**Task description:**
An exact reproduction of all the data is needed, with no images in it.

*** Opening Extracted entries ***

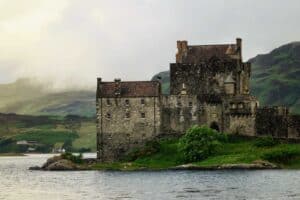 A castle with Urquhart Castle in the background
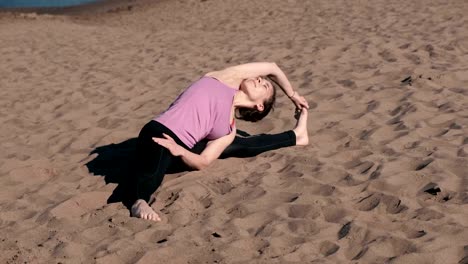 Mujer-de-estiramientos-yoga-en-la-playa-de-la-ciudad.-Sirsasana,-supra-upavistha-konasana-pose.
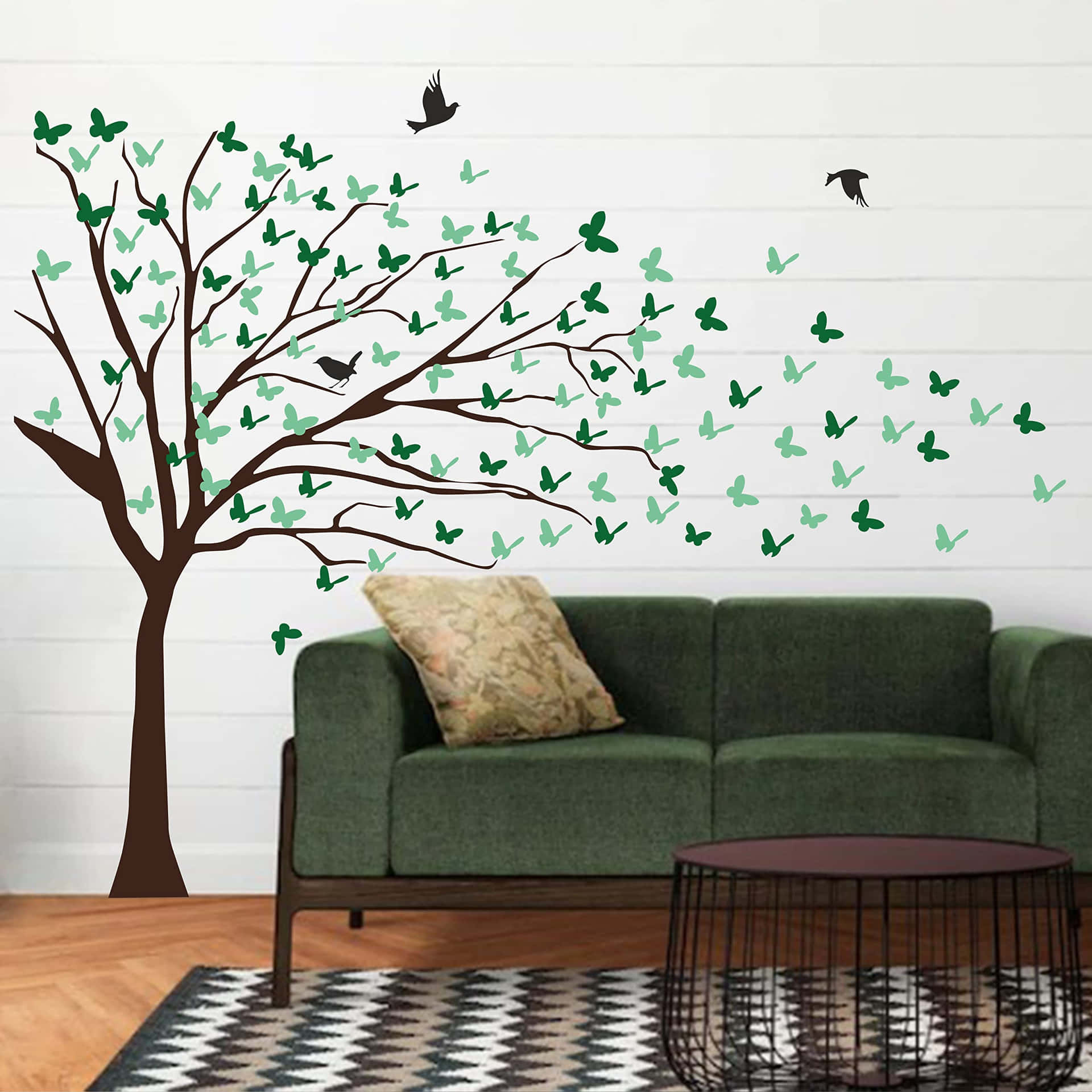 A Living Room With A Tree And Birds Flying Around It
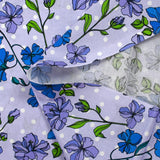 Cotton poplin printed climbing flowers with purple polka dot background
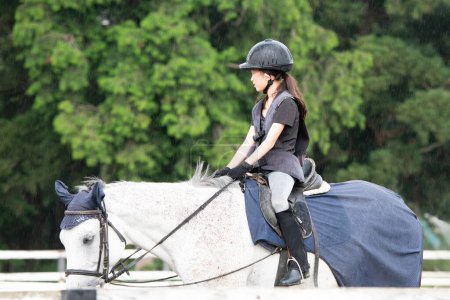Téléchargez les photos : Fille pratiquant l'équitation un jour de pluie - en image libre de droit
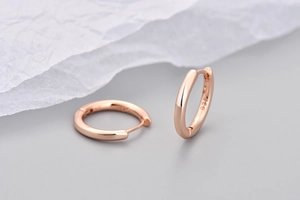 Dettaglio macro di orecchini a cerchio in oro rosa con marchio 925 su metallo lucido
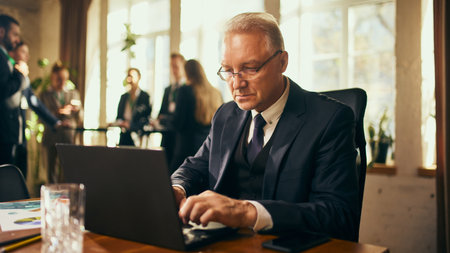 Focused senior businessman typing on laptop during professional networking event, showcasing dedication and efficiency.の写真素材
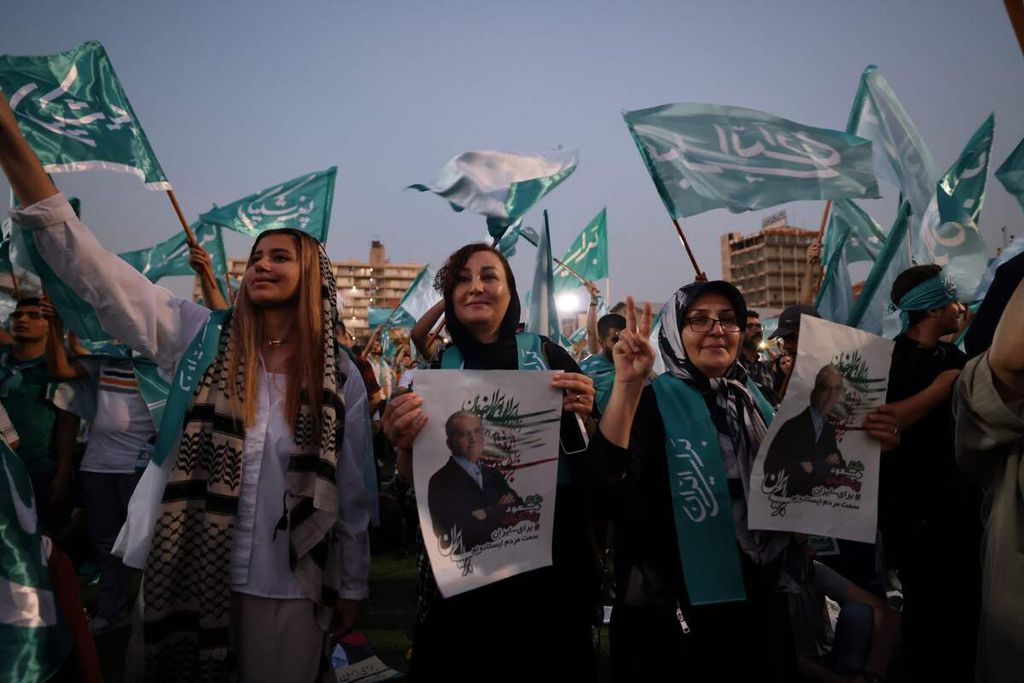 Para perempuan membawa poster bergambar kandidat presiden dari kubu reformis, Masoud Pezeshkian, dalam sebuah kampanye di salah satu stadion di Teheran, Iran, 3 Juli 2024. 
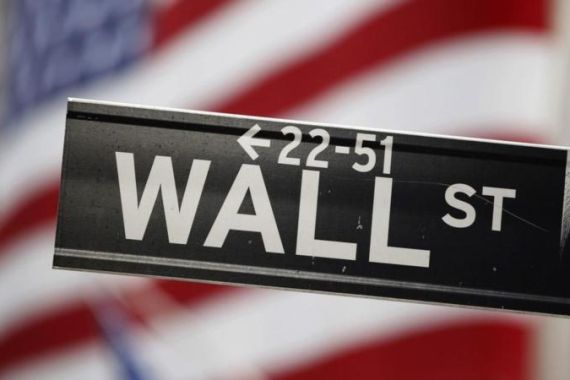 A street sign stands outside of the New York Stock Exchange on Wall Street in New York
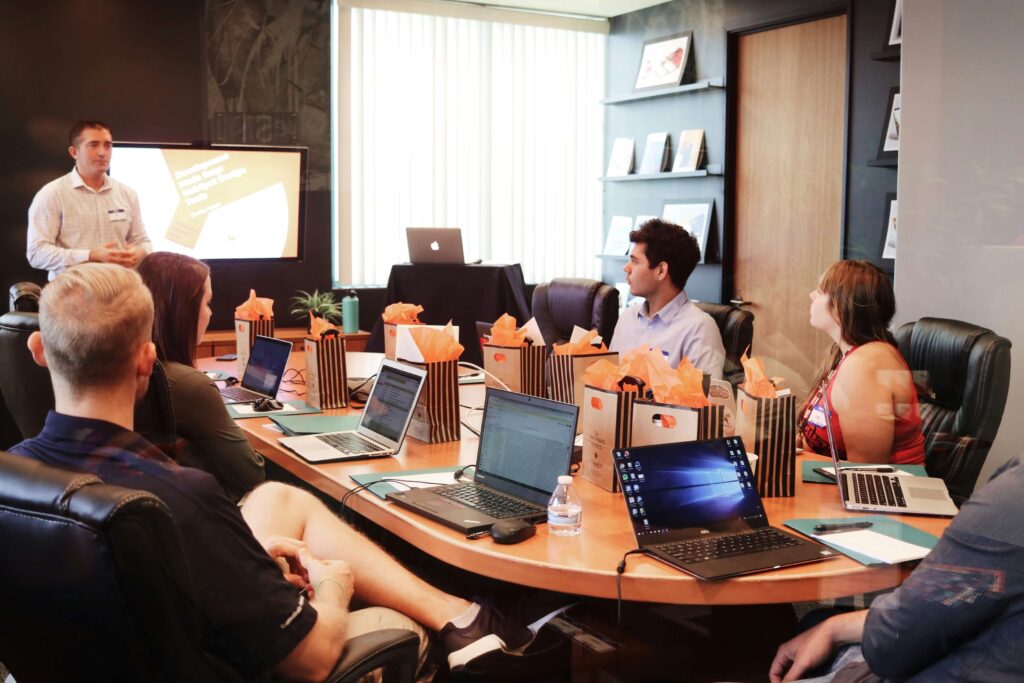 A man gives a presentation on fixed asset management software to five seated people in a modern conference room, with laptops and gift bags on the table and a large screen displaying a slide in the background.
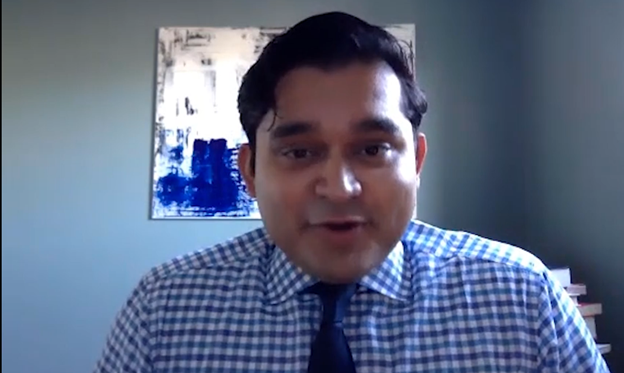 Male professor speaks in his office. 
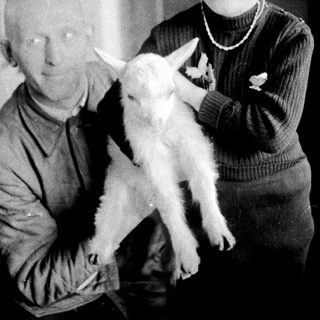 Man and child holding a young goat indoors.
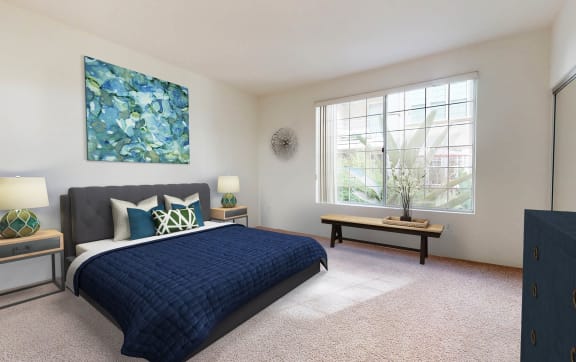 a bedroom with a bed and a tv
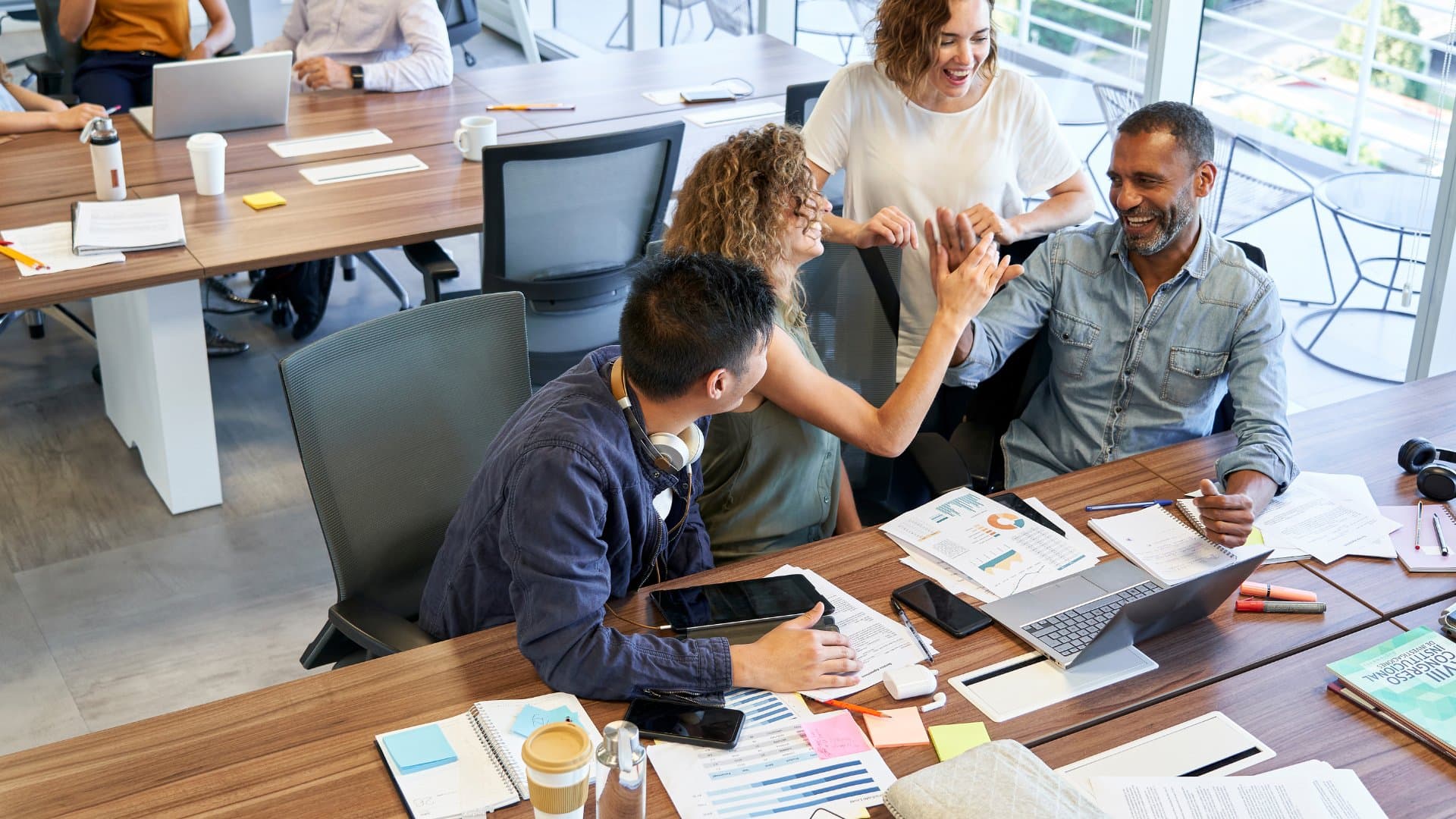 Uma equipe comemorando junto à mesa de trabalho.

*** Closing Extracted entries ***

**Answer space:**
 A castle with Urquhart Castle in the background
 Mujer-de-estiramientos-yoga-en-la-playa-de-la-ciudad.-Sirsasana,-supra-upavistha-konasana-pose.
 A Living Room With A Tree And Birds Flying Around It
 Cotton poplin printed climbing flowers with purple polka dot background
Téléchargez les photos : Fille pratiquant l'équitation un jour de pluie - en image libre de droit
 Dettaglio macro di orecchini a cerchio in oro rosa con marchio 925 su metallo lucido
 Focused senior businessman typing on laptop during professional networking event, showcasing dedication and efficiency.の写真素材
 Para perempuan membawa poster bergambar kandidat presiden dari kubu reformis, Masoud Pezeshkian, dalam sebuah kampanye di salah satu stadion di Teheran, Iran, 3 Juli 2024. 
 A street sign stands outside of the New York Stock Exchange on Wall Street in New York
 A man gives a presentation on fixed asset management software to five seated people in a modern conference room, with laptops and gift bags on the table and a large screen displaying a slide in the background.
 Male professor speaks in his office. 
 Man and child holding a young goat indoors.
 a bedroom with a bed and a tv
 Uma equipe comemorando junto à mesa de trabalho.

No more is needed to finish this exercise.